High-Throughput Characterization of Individual Microdroplets Unveils Ultrasound-Enhanced Radical Production

Reactive oxygen species (ROS) formed in microdroplets have attracted significant attention due to their importance in environmental chemistry, mechanochemistry, and various biological oxidative processes. However, quantifying and characterizing ROS in microenvironments remain a challenge, as most current approaches rely on bulk-phase measurements that lack droplet-level resolution or suffer from limited low-throughput. This not only limits mechanistic interpretations due to variabilities in individual droplets but also makes it nearly impossible to evaluate a large set of conditions for desired ROS productions. Here, we report a high-throughput strategy to characterize and quantify H2O2 production in hundreds of thousands of individual droplets simultaneously by horseradish peroxidase (HRP)-catalyzed fluorogenic reactions.
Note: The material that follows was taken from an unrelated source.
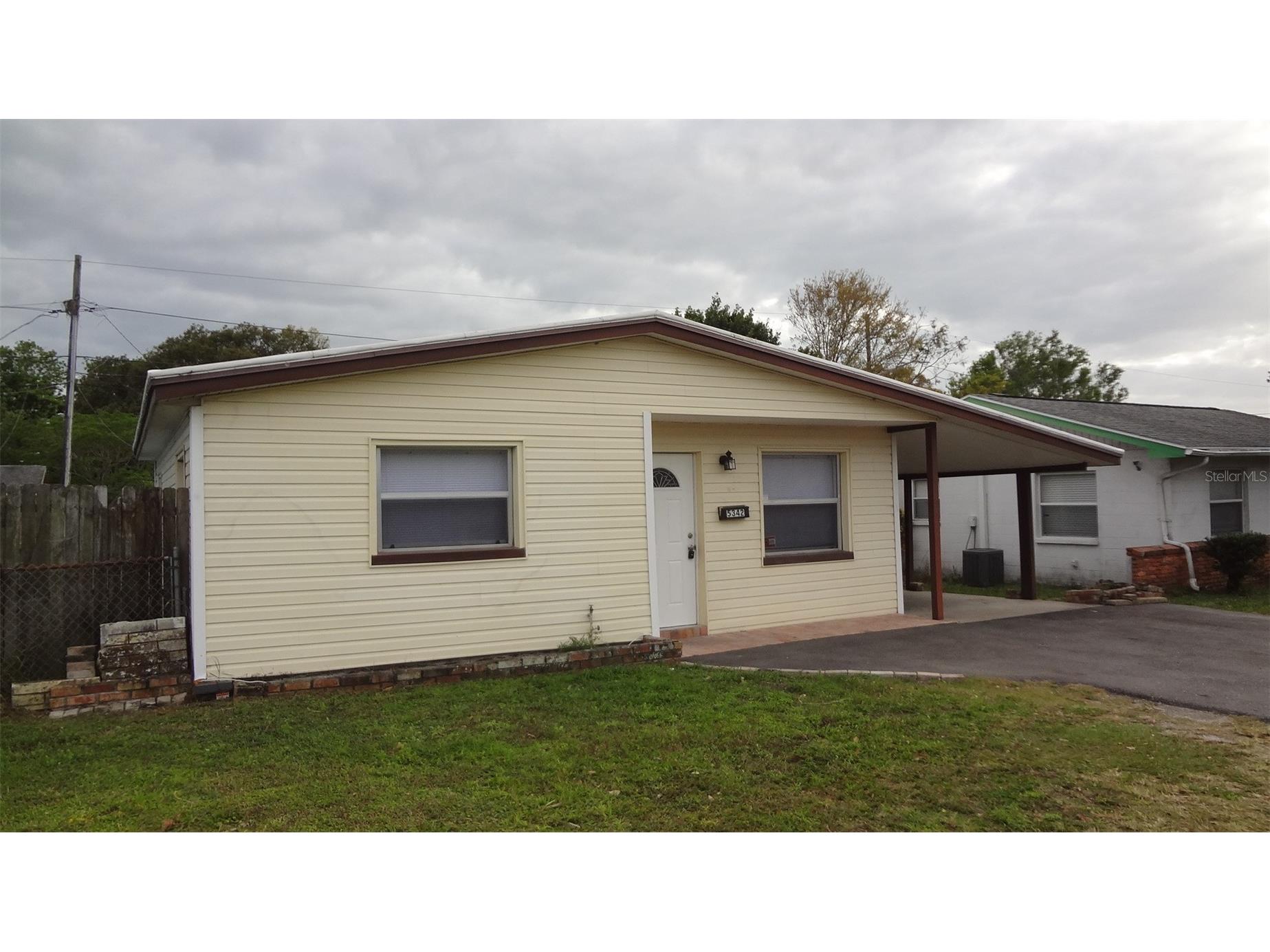 5342 22nd Avenue N Saint Petersburg FL 33710 TB8488565 image2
To increase the signal-to-noise level, we carried out a ratiometric signal measurement by using Rhodamine 6G (R6G) as an internal control in each droplet. Our results confirm that smaller droplets produce more ROS per unit volume, consistent with current interfacial chemistry hypotheses. In contrast, we unveiled for the first time that ROS generation was enhanced in larger airborne droplets (>5 μm) when treated with ultrasound using this high-throughput platform. This approach offers a powerful framework for facilitated generation of ROS and mechanistic understanding of ROS dynamics through rapid and parallel characterization of a large ensemble of individual microdroplets.